For linear second order ODEs the solution may be found in somewhat simpler fashion, by solving the following sub-problems:

Sub-problem 1 $$ \begin{align} y_0''(x)&=p(x) \cdot y_0'(x) + q(x) \cdot y_0(x) + r(x), & \qquad y_0(a)=\alpha , \quad y_0'(a)=0 \tag{3.17} \end{align} $$ and

Sub-problem 2 $$ \begin{align} y_1''(x)&=p(x) \cdot y_1'(x) + q(x) \cdot y_1(x), & \qquad y_1(a)=0 , \quad y_1'(a)=1 \tag{3.18} \end{align} $$

That is, the two sub-problems differ only by the source term $ r(x) $ and the boundary conditions.

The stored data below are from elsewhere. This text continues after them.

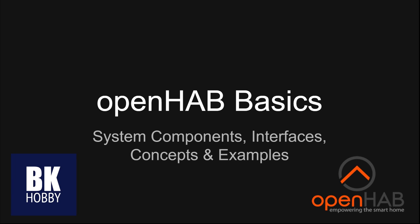Hi, this is BK Hobby and this is another video I made for you in the OpenHAB Basics series.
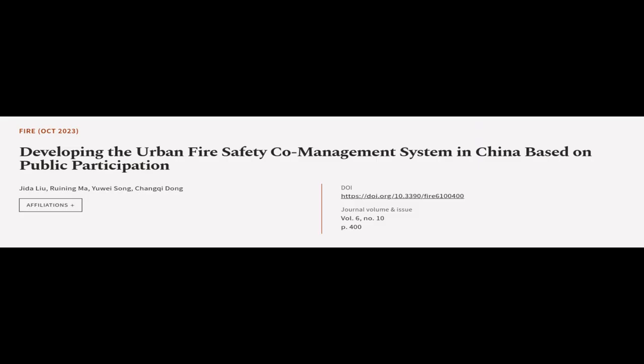This article was authored by Ji Da Lu, Ruining Ma, Yue Song, and others.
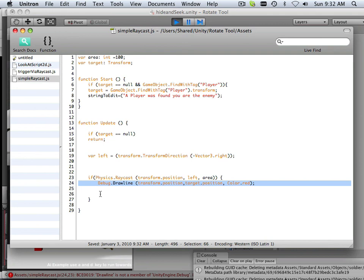So, in the next video, what I want to show you is that we have to actually script out what debug.drawline really is. So, that's in the next video. Thank you.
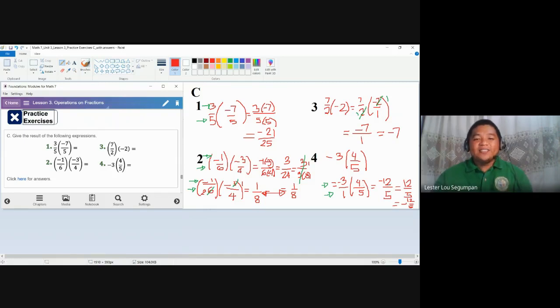So this is the discussion for practice exercise C of Lesson 3, Operations on Fractions. We will have our last video next time, which will be concerned with division of fractions. That's all for this video. Hopefully you have learned — use this video as part of your review. Goodbye and thank you.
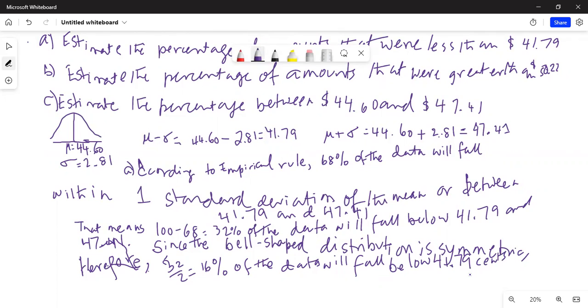Therefore, 32 divided by 2 equals 16% of the data will fall below $41.79. That is the answer to Part A.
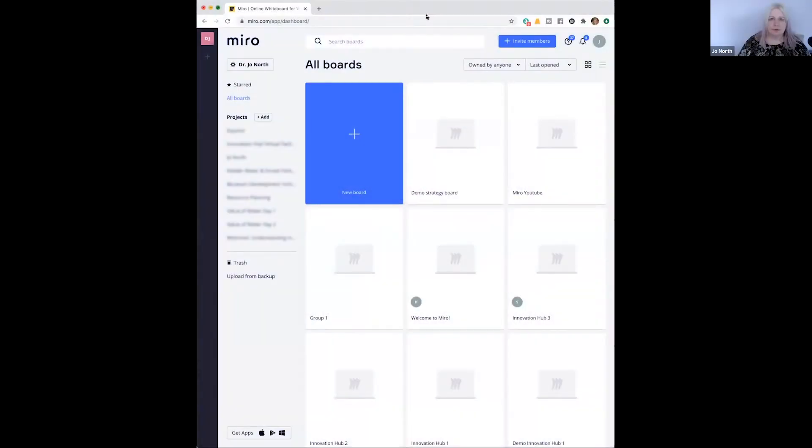Hi there, welcome to my short video on how to use Miro. Miro is a brilliant virtual whiteboard tool. I use it a lot in my virtual facilitation and in collaboration sessions and workshops. It's fantastic because everybody can all work together remotely wherever they are and share ideas and get that creativity going and get that collaboration going too. So let's make a start.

Notice that the condition $ y'(\alpha)=0 $ in (3.17) corresponds to $ s^0=0 $ and the condition $ y'(\alpha)=1 $ i (3.18) corresponds to $ s^1=1 $.

Let $ y_0(x) $ represent the solution to (3.17) and $ y_1(x) $ be the solution to (3.18). The complete solution of the boundary value problem in (3.6) with the boundary conditions (3.7) may then be shown to be: $$ \begin{equation} y(x)=y_0(x) + \left[\frac{\beta - y_0(b)}{y_1(b)}\right]\cdot y_1(x) = y_0(x) - \left[\frac{\phi^0}{\phi^1+\beta}\right]\cdot y_1(x) \tag{3.19} \end{equation} $$

with $ s^0=0 $ and $ s^1=1 $. Note that the solution of (3.17) corresponds to a particular solution of (3.1) and (3.4), and that the solution of (3.18) corresponds to the homogenous solution of (3.1) and (3.4) as the source term is missing. From general theory on ODEs we know that the full solution may be found by the sum of a particular solution and the homogenous solution, given that the boundary conditions are satisfied.